In a commercial sense, the increased proliferation of digital identities will mean ‘banking the unbanked’ in untapped regions of the world. And in human rights circles, the same undertaking will uphold Article 6 of the Universal Declaration of Human Rights: the right to recognition everywhere as a person before the law.
“Southeast Asia alone has 438 million unbanked people, which is 73 per cent of the entire population,” Boskovich asserts. “According to a study done by McKinsey, reaching the unbanked population in this region could increase its economic contribution from $17billion to $52billion by 2030.”
That’s a pretty compelling economic argument to justify plans to provide digital identities to markets outside the western world. Equally compelling is the argument that business models and policies to encourage participation – in bureaucratic and economic identities – will help the world’s most vulnerable people, balancing out some of the inequalities currently written into the global identity industry.
“But for banks to validate identity well, and to do it ethically, we have to start designing business models and products that onboard the unbanked and the underbanked. And, for those who don’t buy the human rights reasons, we need to highlight the business case for doing it right, too,” says Boskovich.
This summer, Facebook published its eagerly anticipated white paper on its forthcoming Libra cryptocurrency and Calibra digital wallet. One of its central claims, to ‘bank the unbanked’ and create ‘decentralised identities’ eerily echoes the aspirations of Young and Boskovich.
It’s possibly too early to tell how the scheme will play out, though author and futurist Daniel Jeffries may represent the majority perspective in his label for Facebook’s long-awaited initiative: panopticon money.
“I’m suspicious of it,” Boskovich agrees, “primarily because corporations should not be the commercial owners of identity. From an inclusion perspective, it’s an interesting experiment, since more people have Facebook accounts than bank accounts,” she says. “But Libra is being compared to ETFs (exchange-traded funds), which would require regulatory oversight and KYC standards. So, if it’s ultimately regulated like an ETF, those regulatory requirements render the ‘inclusion’ argument moot. People will still have to prove identity initially to do Libra transactions.”

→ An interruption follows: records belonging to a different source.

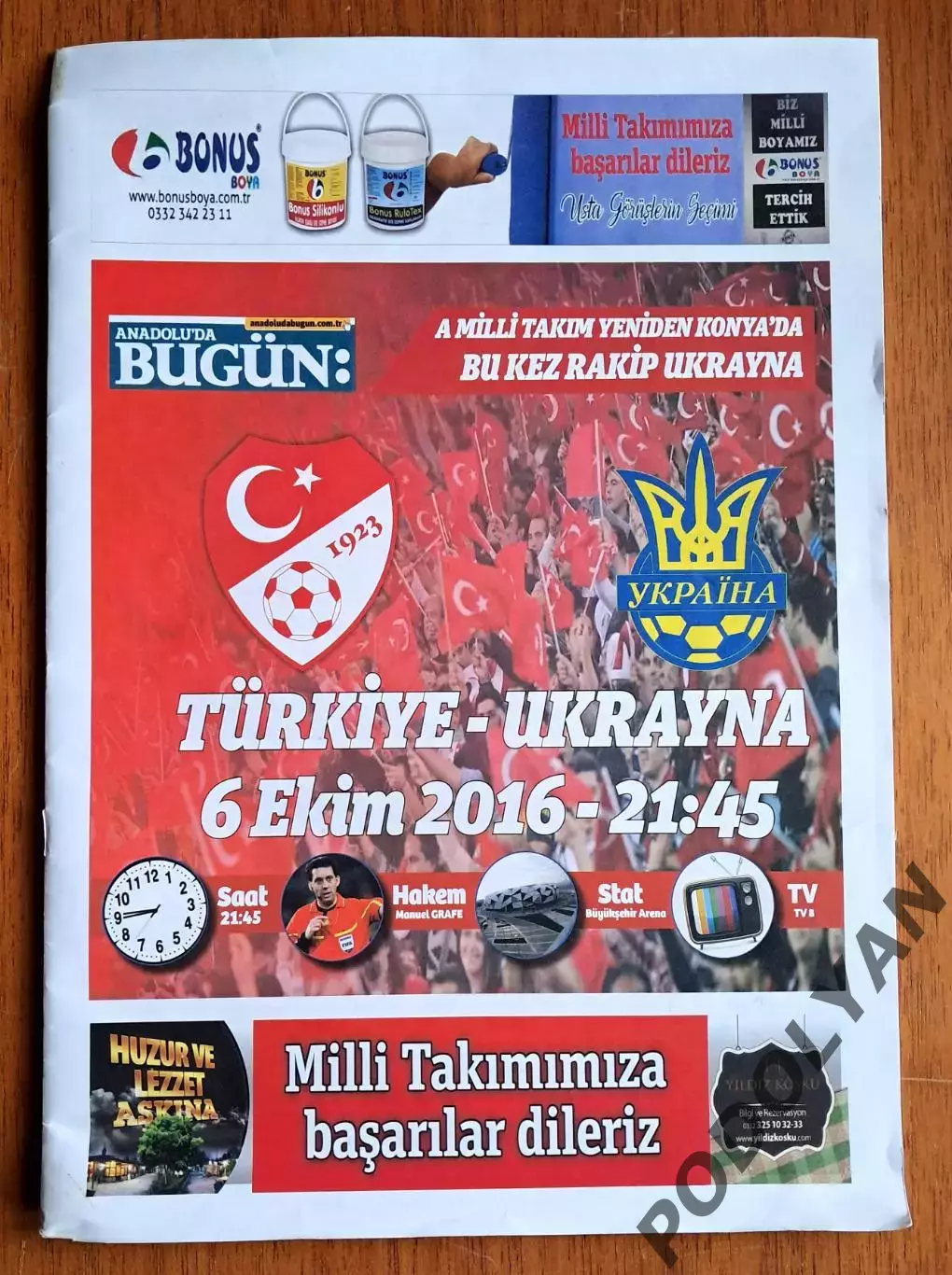 Футбол. Турция - Украина. 2016 (отбор ЧМ 2018). Неофициальная программа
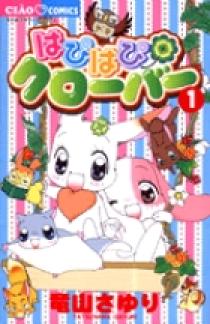 はぴはぴクローバー 1 | 書籍 | 小学館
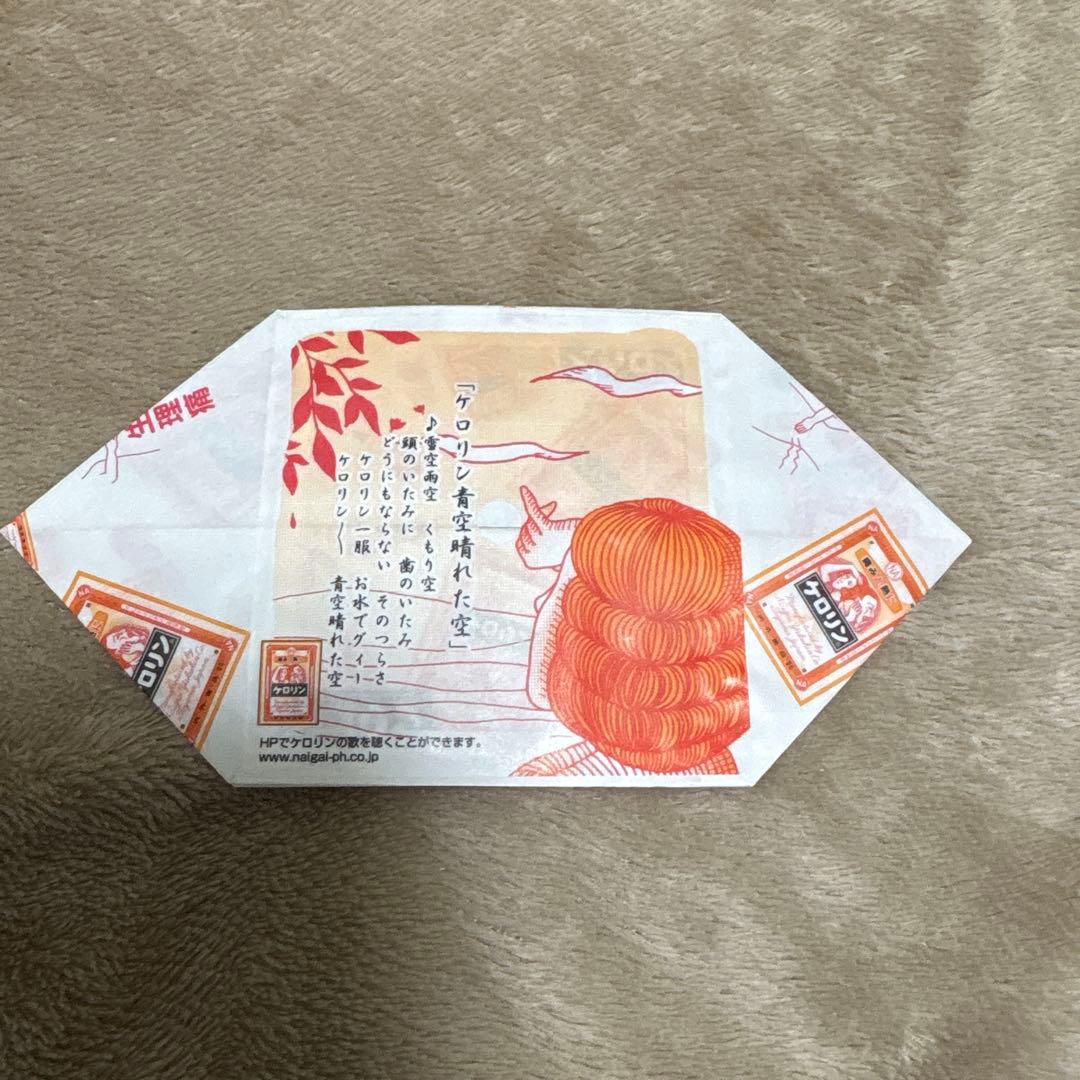 【新品】ケロリン100周年記念モデル白桶　数量限定 白桶グッズセット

Having previously described Libra as ‘very world domination-ish’, Young is confident that the social media firm isn’t about to wrench the reins from the community that has been doggedly directing the direction of travel for fair and fast identity systems over the past two decades.
“Identity is too big to be owned,” she says, “just like the web is too big to be owned.”
Whether Facebook’s intervention in the identity industry will be the era-defining change many in the identity authentication space have been waiting for remains to be seen. What’s clear is that the work going into solving this increasingly pressing problem isn’t happening inside the halls of Silicon Valley GAFAs (Google, Apple, Facebook and Amazon) – it’s happening across disciplines and industries.
Horvat concludes his critique of digital connectivity by stating what may be the crux of identity in an increasingly connected world – that being inside one’s own identiverse is itself a requirement of modern life. “If you are out of the circle,” he argues, “it’s as if you don’t exist.”
If nothing else, the discussions at Sibos’ Innotribe stage should rally around that core idea – that we should all have access to digital identifiers that we own ourselves.